The Tahoe basin is also home to one of the continent’s densest populations of black bears, Ursus americanus. The species flourished after its chief predator, the grizzly, was extirpated there, in the early twentieth century. Grizzlies are not to be fucked with. Black bears, which can be brown, reddish, or blond, are defensive and lazy, smart and resilient, ravenous and opportunistic. All they really want to do is eat. They lived mostly on grasses, berries, and insects until humans showed up. Why spend all day dismantling a yellow-jacket nest for the paltry reward of larvae when there’s dumpster pizza to be had?

Even if something is not edible, bears will try to eat it—scented air fresheners, cherry lip balm. The black bear is the terrestrial equivalent of a shark, the sharpest nose in the ocean; its sense of smell is seven times better than a bloodhound’s, several thousand times better than a human’s.

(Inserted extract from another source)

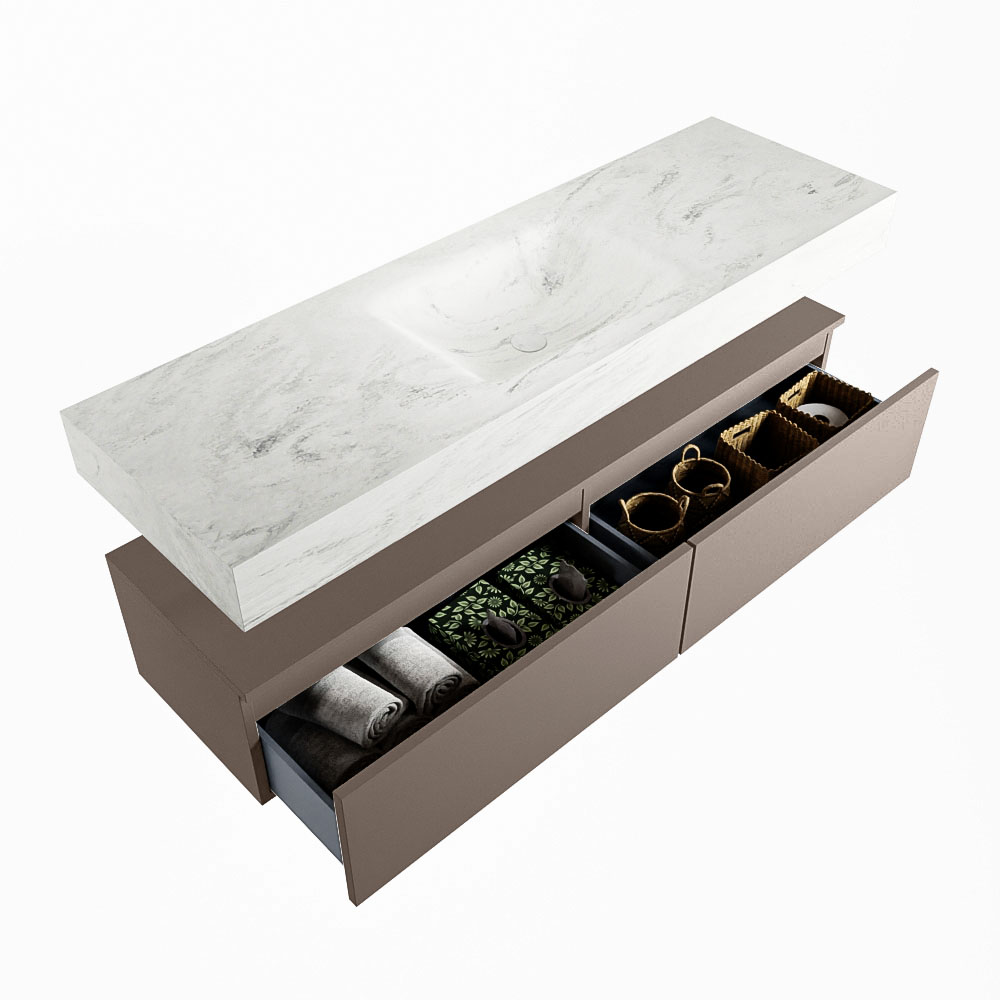 MONDIAZ ALAN-DLUX 150cm mueble de baño Smoke 2 cajones. Lavabo CLOUD Centro 1 orificio color Opalo. 6 MONDIAZ ALAN-DLUX 150cm mueble de baño Smoke 2 cajones. Lavabo CLOUD Centro 1 orificio color Opalo. - Imagen 6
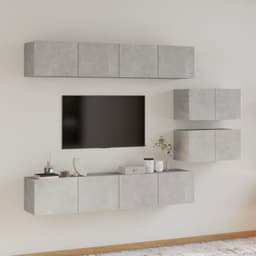 image-4 Piece TV Cabinet Set White Engineered Wood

A bear that detects so much as a Tic Tac will remember the location of that score forever—and teach it to her cubs. “Think about the wrappers in your car, the candy in your pocket, in your backpack, in your tent, the stuff behind your garage door—they can smell all of that, even if it’s unopened cans, unopened wine bottles, beer bottles,” a California State Parks employee said in September, at Tahoe’s inaugural Bear Fest, a public event about how not to be stupid in bear country.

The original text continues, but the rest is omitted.